For studies accomplished in Turkish seas, it is possible to find similar percentages to Marmara Sea. In a study of sea water sourced coli form class 1 and class 2 integer and gene cassettes and antibiotic resistance characterization in East Coast of Black Sea, resistance percentages were tetracycline (%23.2), ampicillin (%20), sulfamethoxazole (%11.6), streptomycin (%9.3), chloramphenicol (%4.6), trimethoprim (%2.3), respectively . In a study of Iskenderun Gulf area, in isolated Gram negative bacteria strains, resistance percentages were, in order; ampicillin (%93.2), streptomycin (%90.2), cefazolin (%81.3), imipenem (%16.5), meropenem (%13.9), cefepime (%8), respectively .
Similar to seas of other countries, high resistance values and resistance genes which can be transferred by mobile elements like plasmid, transposing, integrand have been detected in Turkey . But intriguingly, in isolated bacteria strains coming from the samples of ship ballast tanks, cruising in most of our seas and going into and coming from Marmara Sea, high resistance to antibiotics were also identified [29,30]. This shows that the studies about the antibiotic resistance are necessary not only in medical practice but also in surface and sea waters and even in international transit ships.
Apparently, common usage of antibiotics for human and animal health causes a specific pressure on bacteria, which results with emergence and spread of antibiotic resistance.
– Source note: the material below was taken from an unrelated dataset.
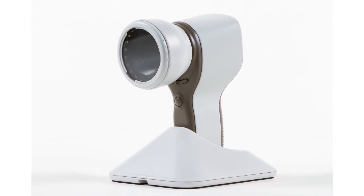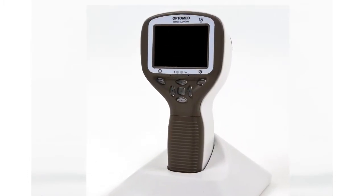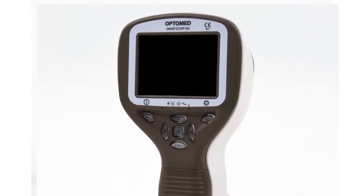SmartScope M5SK1 is a digital dermoscopic camera that enables examination of the entire skin surface and documenting patient data through digital images and video. First, let's go through the basic use and settings of the device.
Antibiotic resistant bacteria, which are the food source for some of the organisms, can easily reach seas via rivers, streams and/or other kind of aquatic systems and spread their resistance genes to aquatic ecosystems.
Antibiotics indispensable for treatment, coming against us as "the most important and most urgent global danger: antibiotic resistance problem" in recent times. In order to solve this issue, preventing irrational use of medications, raising national awareness campaigns and creating "Rational Antibiotic Usage" educations are necessary. But in the same time, it should be known that antibiotic resistant bacteria may reach natural waters and seas, and can spread their resistance genes. In addition to successful national campaigns, inclusion of national and international environmental projects and studies are necessary for solution aims of this global problem. In this subject, Turkey continues on awareness campaigns and research projects as a strong leader in its region.
The author is grateful to Kutay M SIVRI for providing the scientific infrastructure required to carry out the paper. Author would like to thank Mr. Oguz Kuzu for his critical reading and quick editing. The author has declared no conflict of interest.